Bill to establish Endowment Fund for the Arts underway

Saraki-CopyThe much-awaited Endowment Fund for the Art and Literature may soon become reality as the Bill for the establishment of the fund scaled first reading in the Senate last week. The Bill, which was sponsored by Senator Shehu Sani from Kaduna State, seeks the possibility of establishing an agency that would be saddled with the responsibility of sourcing funds arts and literature.

Titled National Endowment for Arts, Literature Bill  (2015), Sani, in the lead debate, stated that giving financial support to the creative industry would be like giving life to an aspect of national development that was neglected over time.

He said, “The idea of the Bill is to see to the possibility of establishing a government agency that will support arts and literature financially. It is very clear that this a very good aspect of our national development that has for long been neglected or consigned to the dustbin”.

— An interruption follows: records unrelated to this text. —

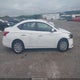 3N1AB7AP6JY243213 2018 Nissan Sentra S auction photo thumbnail 13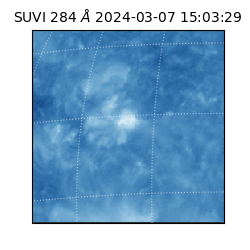 suvi - 2024-03-07T15:03:29.483000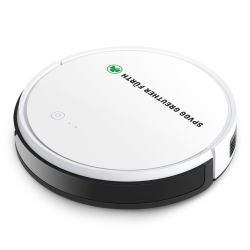 Folien für SmartHome matt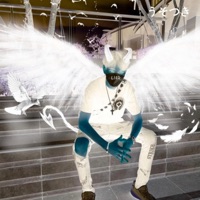 LIER -うそつき - Single - SDV SCARLET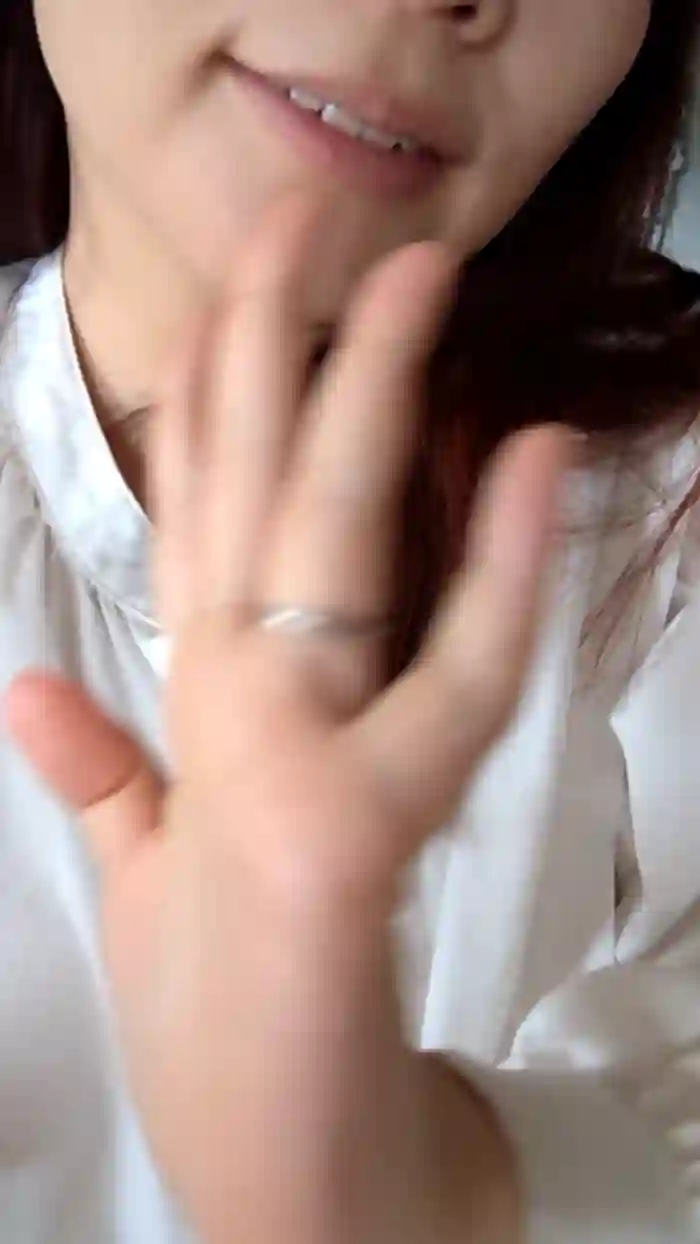 Hanachan2525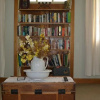 Отель Stoke House Bed And Breakfast, фото 2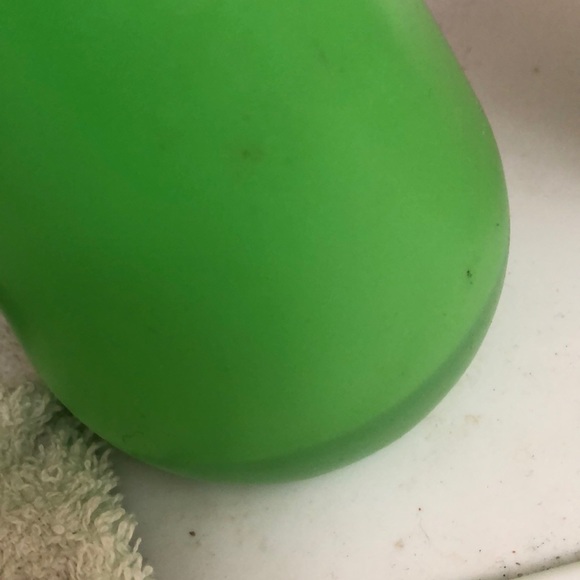 Meet your Posher, Raul - Picture 1 of 1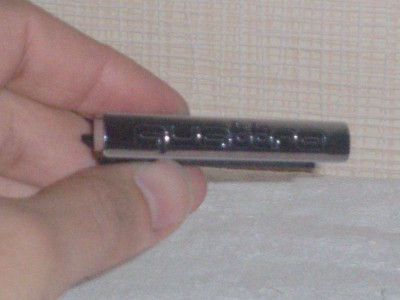 Untitled-1.jpg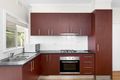 Property photo of 3 Caroline Street Thomastown VIC 3074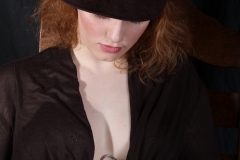 IMG_9856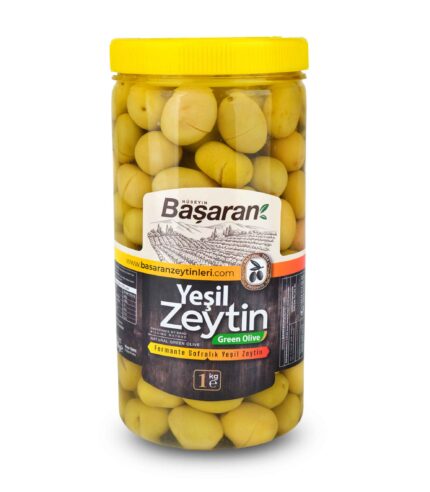 basaran-zeytinleri-domat-kirma-yesil-zeytin-1-kg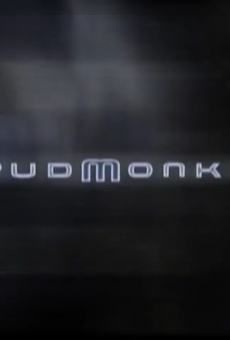 Spudmonkey online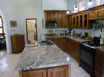 3Bed 2Bath Waterfront Property in Consejo Shores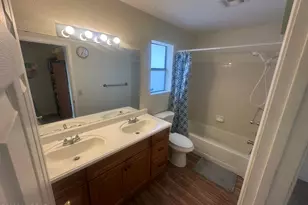 5930 N Edenbrook Ln, Tucson, AZ 85741 - Photo 11
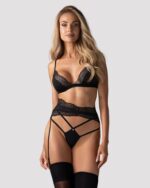 7a53076029d1849e95f64f0275dd1583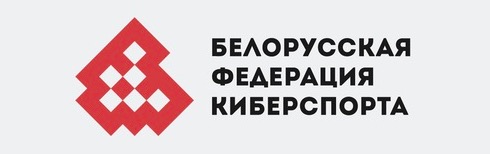 В Беларуси появилась федерация киберспорта - «Интернет и связь» В Беларуси появилась федерация киберспорта - «Интернет и связь»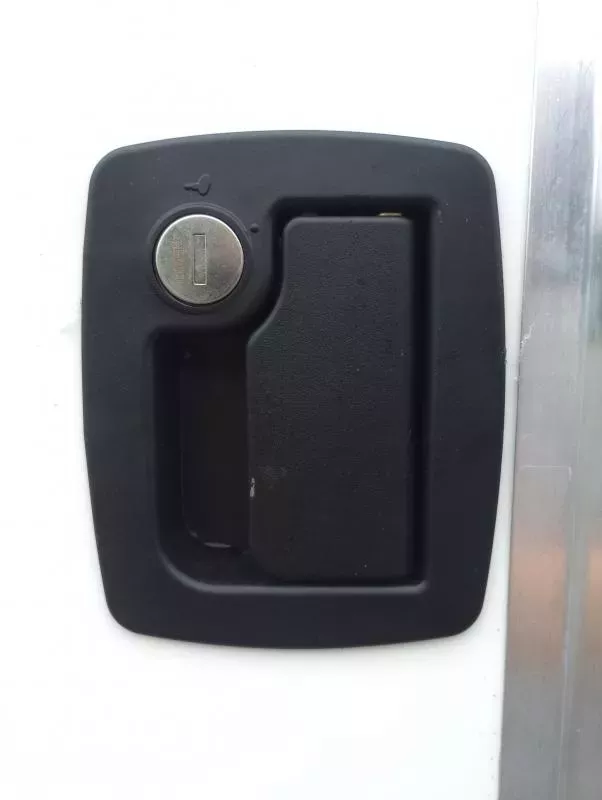 new Snowmobile Trailers Mission  for sale, in Bangor, ME Thumbnail 15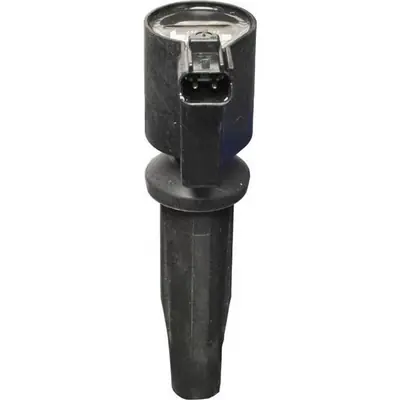 DENSO - 673-6010 - Ignition Coil Livraison Mondiale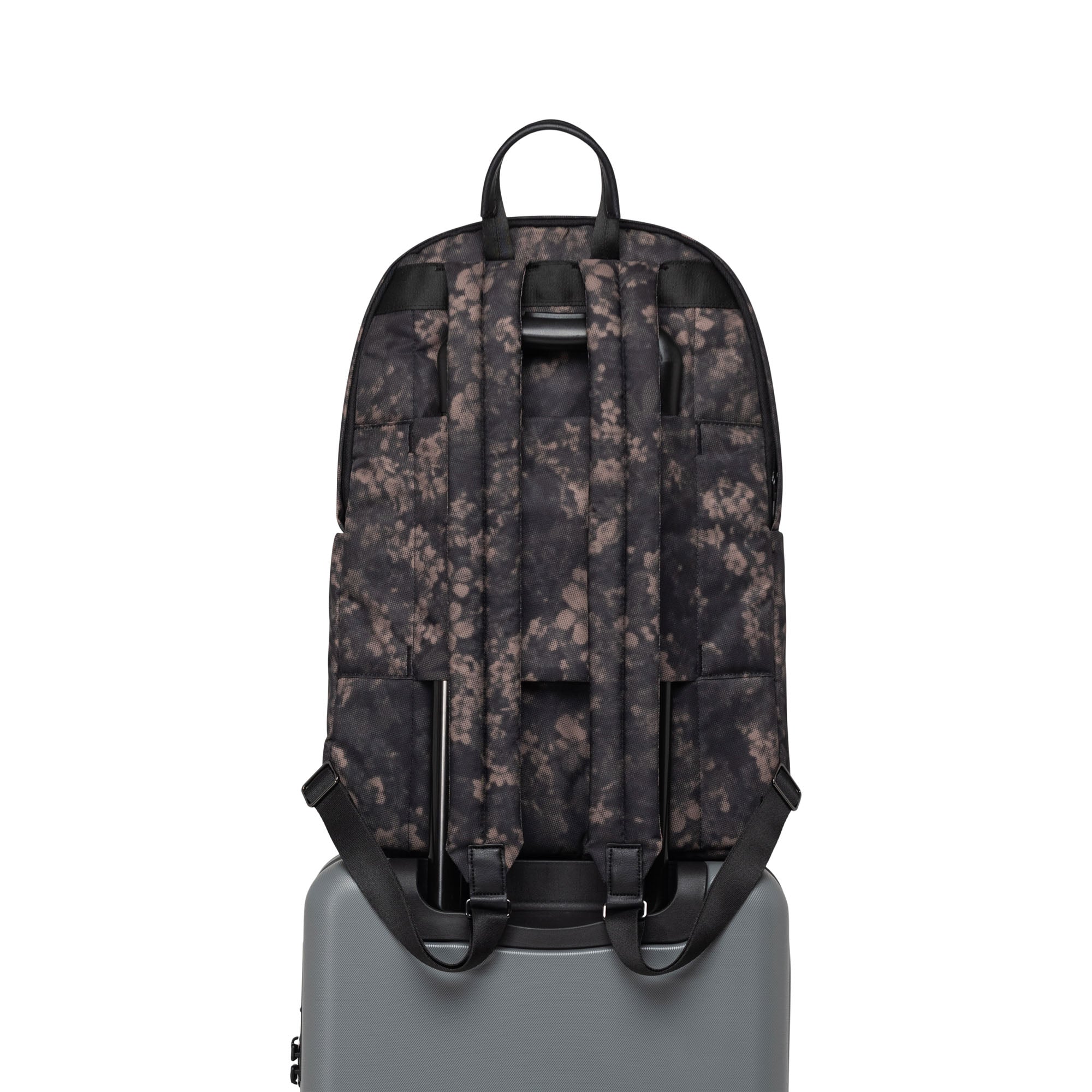 Herschel Beatrix Backpack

With the funds he said artists, authors, poets and playwrights will have the opportunity of boosting their talents and careers. Sani regretted that ever since the first generation of Nigerian artists – novelists, poets and playwrights – the country has not done much towards promotion of creativity.

He remarked, “The idea is to avail artists, authors, poets and playwrights the opportunity to be funded so that their talents could see the light of day. Since the first generation of artists, novelists and poets such as Wole Soyinka and Chinua Achebe, we have not been able to support the new generation of artists and literary personalities. So, young people have shown interest in writing and on issues of art but there is virtually no support. This is more like a programme that will help them publish their materials and also help their materials to be used for national development.

“The endowment also makes provisions for dissertations and thesis in the tertiary institutions to see them published. If you go to most of our academic institutions, you will see thesis and dissertations lying on the shelves; they are never used. So, I believe that this kind of endowment will help bring to life those academic materials”.

While speaking on the lingering National Policy on Culture, Sani said it was a reflection of successive governments’ apathy towards the arts, noting, “If you have a serious government, issues of national policy on culture would be taken very seriously. Those multi-national firms and even national agencies have corporate social responsibility but it is not enough. We must begin to appreciate that as a nation; we need to develop the area of education and culture.

“This time we are not requesting them to do; we are making a Bill that will insist that they do and by insisting, it means that it is a law which you must not break and if you do, there is certainly going to be consequences for it. When you have a Bill and you do not have a serious legislature or government that will pursue it to the end and see it to life, such things will die. This time around, I have put forth the Bill for the first reading and I will pursue it to the end.

“What we are trying to do is within the structure of the endowment. It is the fund that will include representations from the Association of Nigerian Authors (ANA), radios and television workers, art writers, councils for arts and culture. Also, the product that will come out of it will be to the benefit of all academic institutions – both secondary and post-secondary schools”.